The Justice Department says institutions that apply for funding from the National Institutes of Health, but fail to disclose foreign government grants, violate federal rules that require them to reveal when research will be or has already been performed outside the United States.

In this case, officials say, the institute learned about Chinese grants to one of the researchers while reviewing a proposed press release for a journal article the scientist was publishing.

Instead of asking for more details about the scope of foreign funding that needed to be disclosed to NIH, officials removed references to the Chinese grants from the press release.

“It is imperative that recipients of NIH grant funds properly report all sources of research support, financial interests and affiliations of individual researchers to ensure the proper and effective use of taxpayer dollars,” Lamont Pugh III, a senior official with the Department of Health and Human Service’s inspector general’s office, said in a statement.

The Justice Department says the researcher, who also held a directorship at a Shanghai-based research institute, received funding between 2012 and 2018 from a variety of Chinese sources, including a talent recruitment program that the U.S. says facilitates the theft of intellectual property for Beijing’s benefit.
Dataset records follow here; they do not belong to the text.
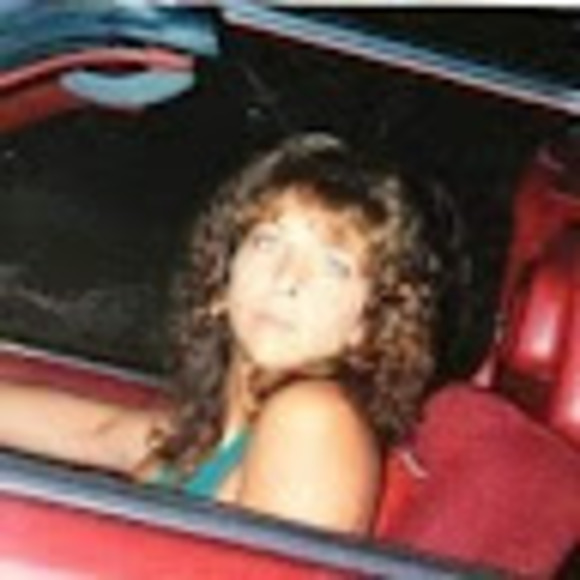 Meet your Posher, Bernadette - Picture 1 of 1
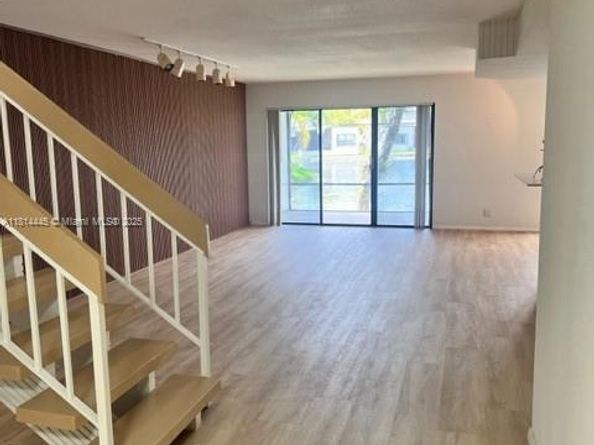 958 Mockingbird Ln 511, Plantation FL 33324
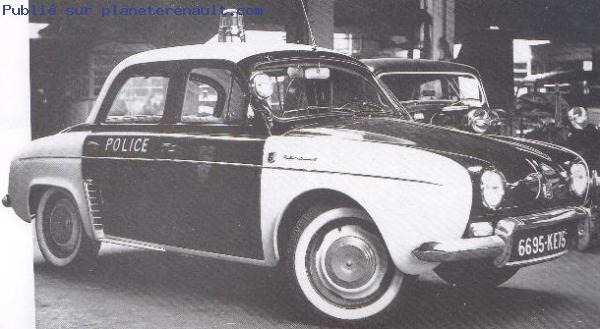 En 1960 la pr fecture de police pr f re s' quiper de la Dauphine Gordini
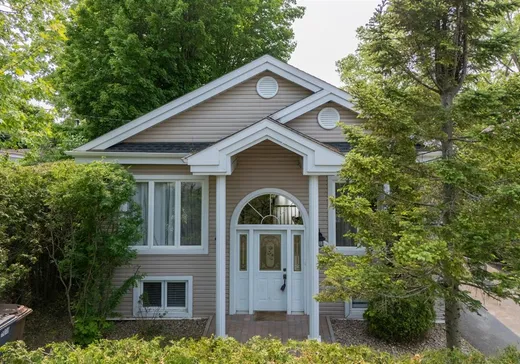 Bungalow for sale - 1881 Ch. des Patriotes N., Mont-Saint-Hilaire, J3G4S6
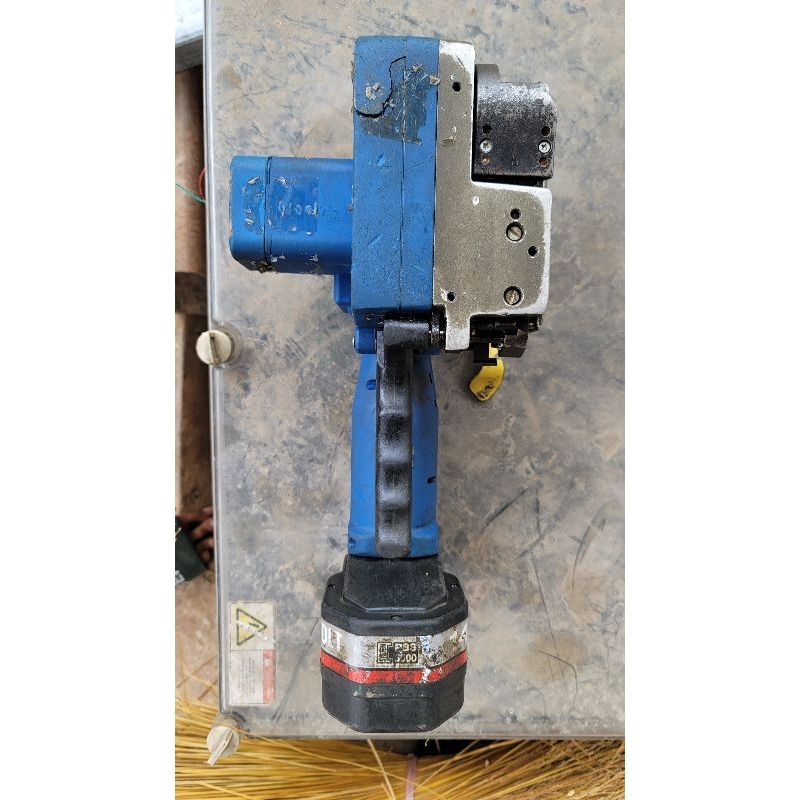 Máy đóng đai nhựa chạy pin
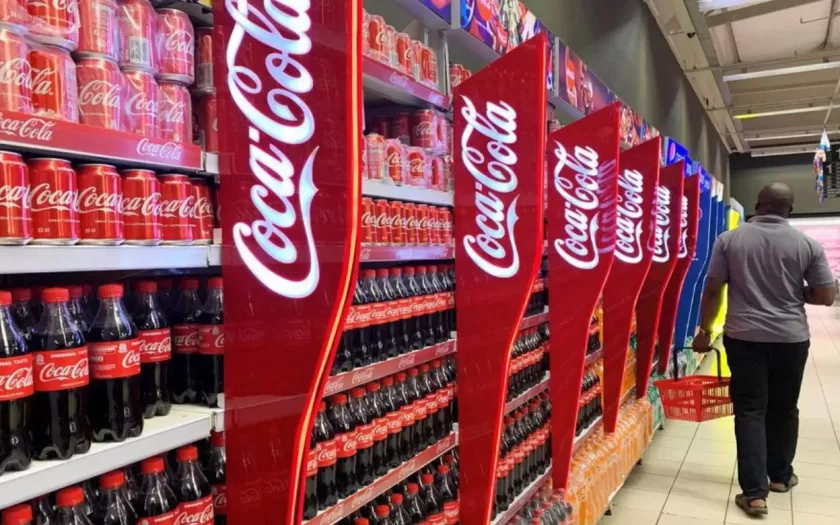 A Coca-Cola Femsa, uma das principais engarrafadoras da Coca-Cola, está com vagas abertas em vários estados do Brasil, incluindo Minas Gerais, São Paulo e outros. A empresa oferece benefícios abrangentes e destaca seu compromisso com a diversidade. As inscrições devem ser feitas pela plataforma Gupy.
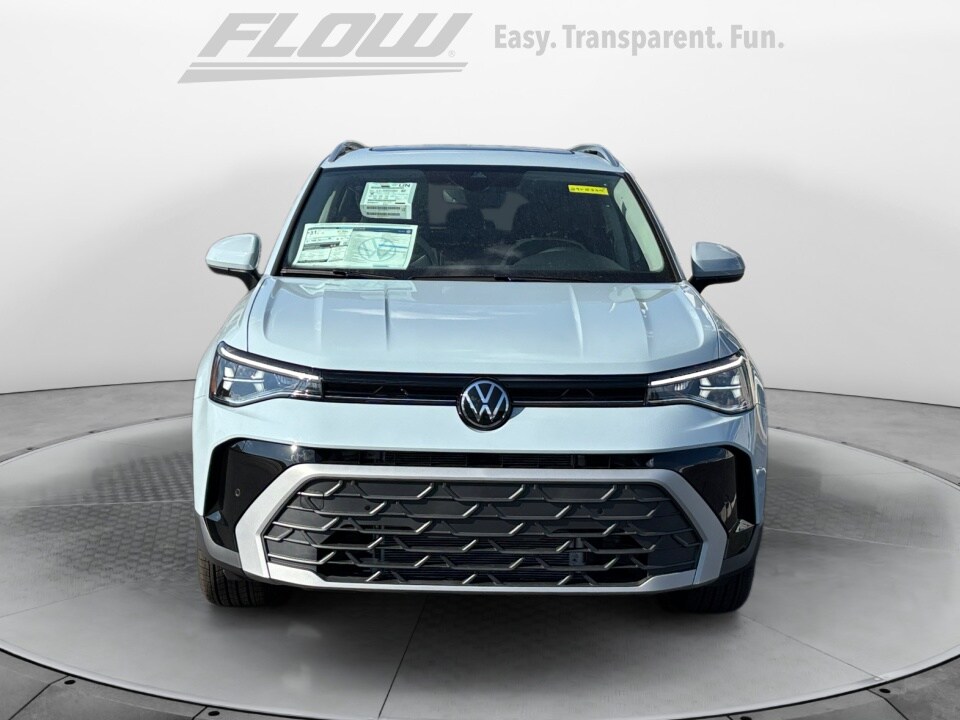 2025 Volkswagen Taos SE photo 2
A Chinese institution sent the program a letter saying that the professor had received “generous support” from the program, the Justice Department said.

In August 2018, NIH Director Francis Collins sent letters to research institutions reminding them of their obligation to report foreign funding that their researchers receive. Several months after that, the NIH specifically warned the institute about the lack of disclosure. But the institute said no disclosure was necessary because there was no overlap between the grants the researcher was getting from China and from the U.S. government.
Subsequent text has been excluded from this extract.